Il museo finì smembrato e disperso nelle convulse vicende politiche alla svolta dell’Ottocento. All’arrivo dei francesi, nel 1806, la casa nolana dei Vivenzio fu occupata dal colonnello Francesco Pignatelli, che fece sgomberare le due stanze adibite a museo, spostando la collezione «in un’altra vecchia camera della stessa casa [...] confusamente e in disordine». Molti dei vasi rimasti furono «tolti dalle persone di servizio del medesimo colonnello e mandati in Napoli». Secondo Michele Arditi, direttore del Museo reale, incaricato ai primi di maggio del 1808 dal ministro dell’Interno André-François Miot di verificare la collezione per «esaminarvi se ve ne siano degli importanti per la collezione del real museo», già Giovanni Vivenzio, partendo per Palermo con la corte nel 1799, si era portato via «li migliori vasi di questo museo» (Rao, 2001, pp. 235).

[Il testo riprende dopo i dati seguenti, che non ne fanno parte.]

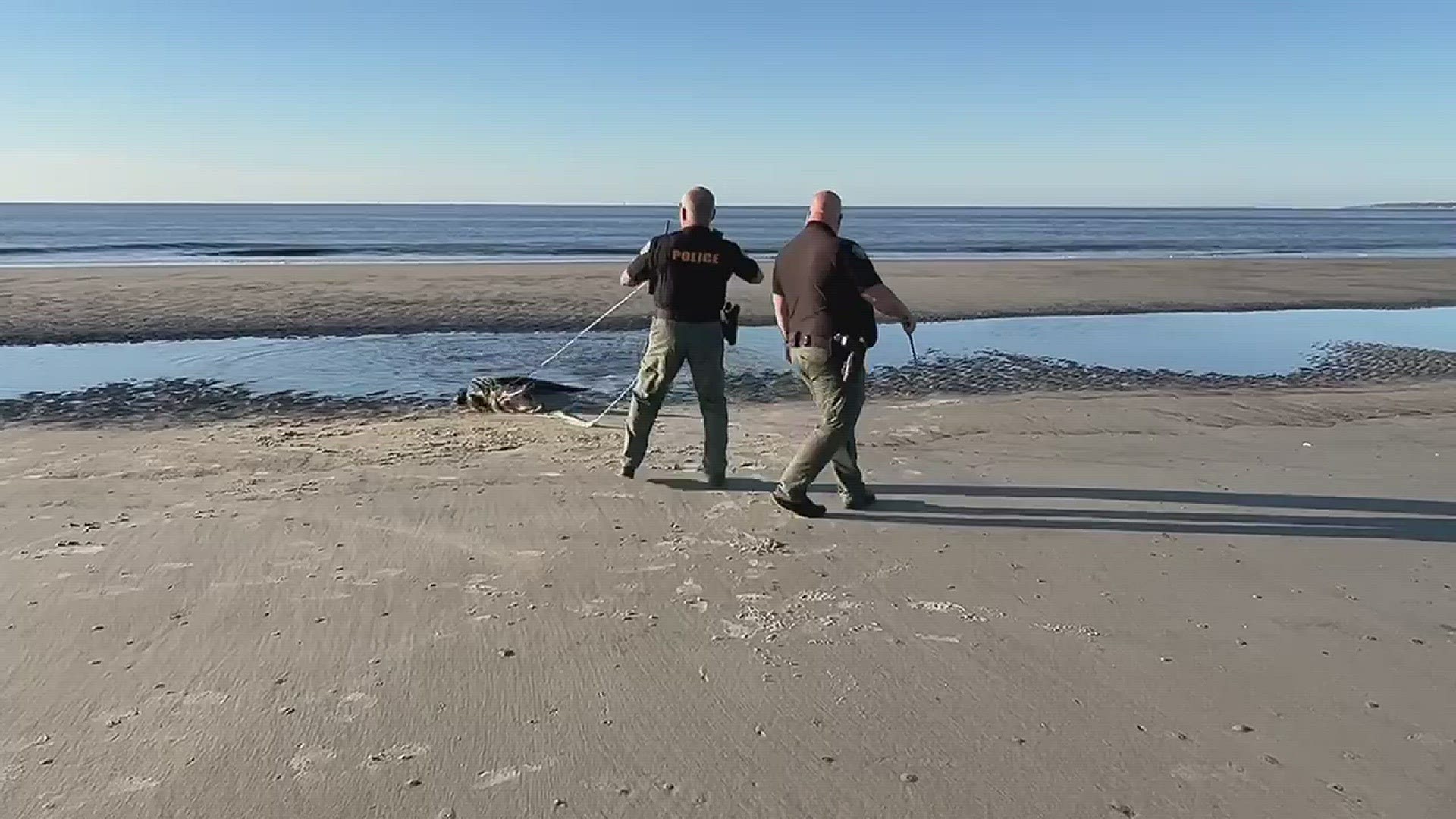 The gator was removed from the beach in St. Simon's Saturday morning.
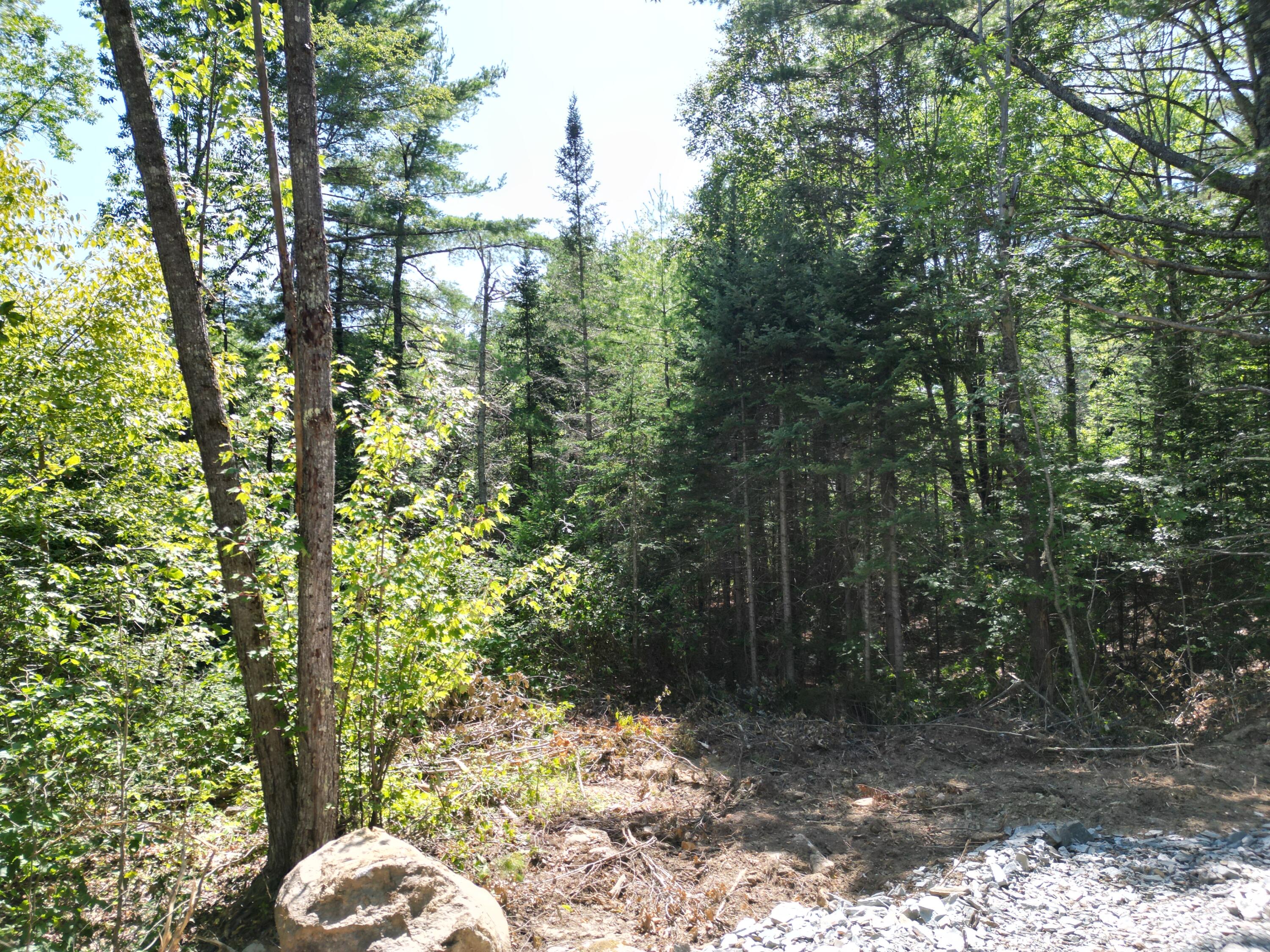 Lot 13-1 Clark Road Prospect, ME 04981 - Photo 7 of 14 DJI_0852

Nel 1816, restaurata nuovamente la monarchia borbonica, Pietro pubblicò il Museo Vivenzio, ovvero Catalogo ragionato del museo giusta la disposizione numerata de’ monumenti, dedicato al fratello Nicola, morto il 27 agosto: «Alla memoria del marchese Niccola Vivenzio delle belle arti cultore sommo che la domestica raccolta di vasi italo-greci dipinti [...] alla pubblica luce riprodusse ed ordinò» (p. 3). Un precedente inventario era stato bruciato nel 1806 per impedire che cadesse nelle mani dei francesi. Secondo il testamento redatto da Nicola il 7 agosto 1816, Pietro e le sorelle Saveria e Maria Antonia ereditavano «capitali, quadreria, libri, argento, oro, ed ogni altra cosa senza distinzione, che trovasi nella mia abitazione in questa città di Napoli». I beni posseduti a Nola, incluso il «Museo di vasi etruschi», erano destinati a loro e alle altre sorelle Maria, Maddalena e Agnese.

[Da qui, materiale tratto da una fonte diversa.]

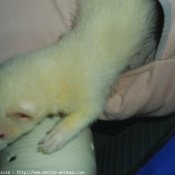 Photo de Furet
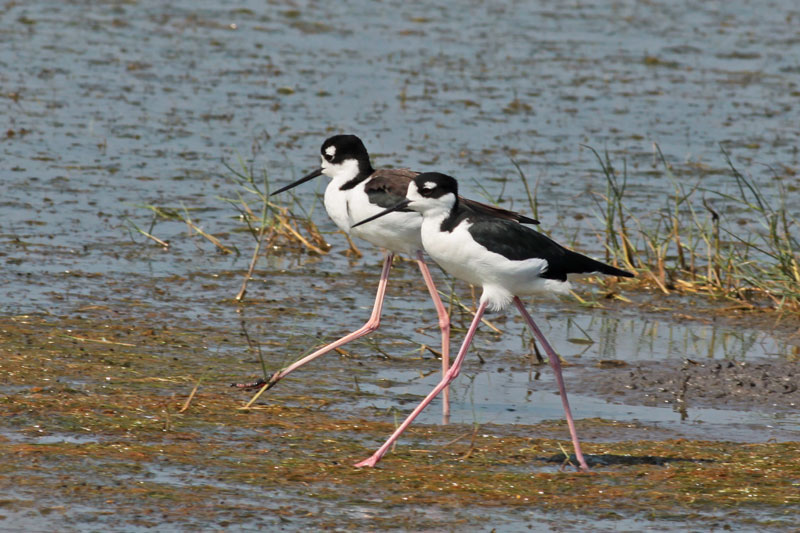 Black-necked Stilts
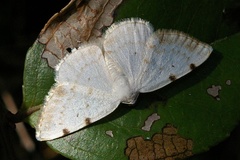 Lomographa bimaculata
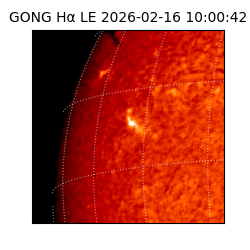 gong - 2026-02-16T10:00:42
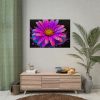 92409-683.jpg Colorful Daisy Poster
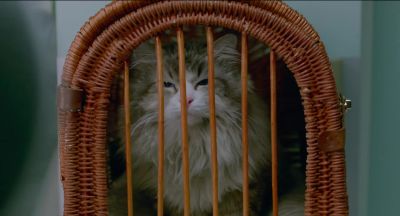 I'm a cat whisperer - Nine Lives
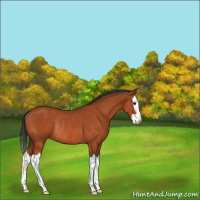 Horse Color:Brown Splash Rabicano 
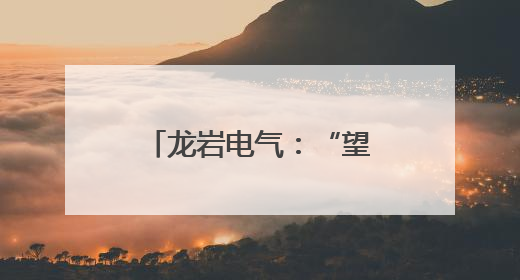 龙岩电气：“望闻问切”查隐患 精检精修保安全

Michele Arditi, il 12 luglio 1817, sostenne caldamente l’opportunità di acquistare per il Reale Museo borbonico ciò che restava del Museo nolano, che aveva visitato il 16 giugno, ricco ancora di vasi «singolari affatto»: «non pochi sono interessanti per le figure in essi dipinte, le quali ne rappresentano, nella maggior parte, dottrine mitologiche ed avvenimenti ricordati nella storia eroica e non di rado anche ne mostrano alcuni particolari riti, che noi leggiamo sì bene negli autori greci, ma che finora in pittura non si eran veduti» (Rao, 2001, pp. 235).

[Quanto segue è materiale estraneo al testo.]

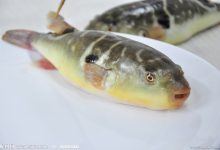 河豚情仇-雉水网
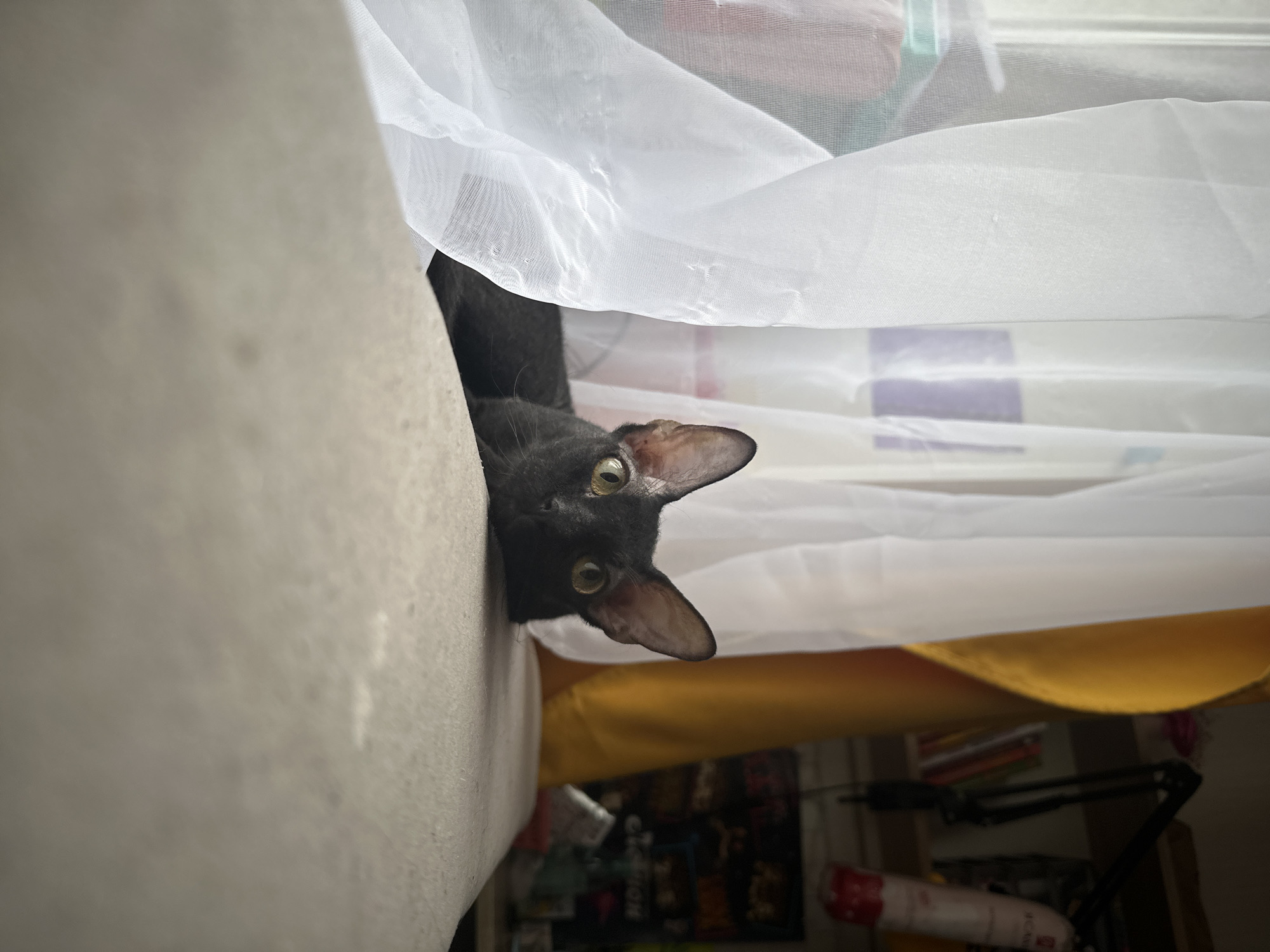The image shows a black cat with striking green eyes and large, pointed ears, peering directly at the viewer from an upside-down orientation. The cat's head emerges from behind a light-colored, textured surface, likely a sofa or upholstered furniture, which occupies the left side of the frame. White, translucent curtains drape across the top and right, partially concealing the background and framing the cat's face.
The cat appears curious and alert, its gaze focused outwards. Its body is largely hidden by the furniture and curtains. Soft, diffused daylight filters through the curtains, indicating it is daytime. In the blurry background, a glimpse of golden-yellow fabric is visible, along with various household items. These include a red and white spray can, on which the text "CANN" is partially legible, and what appears to be a black articulated desk lamp. The scene takes place indoors, within a domestic environment, possibly in Chaikovsky, Russia. The overall impression is one of playful observation by the cat from its hidden perch.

La vendita al sovrano, diventato intanto Ferdinando I re delle Due Sicilie, fu conclusa nel 1818 per 30.000 ducati. Ma non segnò la fine dell’attività archeologica di Vivenzio, che continuò a dare un contributo considerato essenziale dalle nuove autorità regie preposte alle attività di scavo. Scriveva, infatti, ad Arditi l’ispettore distrettuale agli scavi, Giuseppe De Luca, il 7 settembre 1827: «Posso assicurarle che fino al momento solo Vivenzio può dare attestazione dell’importanza dei vasi trovati [...] In un solo sepolcro, creduto di una sacerdotessa, si rinvenne una maschera di terracotta senza alcuna vernice, rappresentante a parer mio Nemesi, dea della Giustizia». E il 30 dicembre aggiungeva: «D. Pietro Vivenzio autorizzato [...] a scavare nel campo degli esercizi militari di questo capoluogo, nel passato mese di novembre, trovò una langella ed un vaso a tre manichi [...] di creta nolana e forse la più perfetta, frammentati in duecento pezzi» (Rao, 2001, pp. 235 s.).
Poco altro si sa degli ultimi suoi anni. Morì a Nola il 4 novembre 1835.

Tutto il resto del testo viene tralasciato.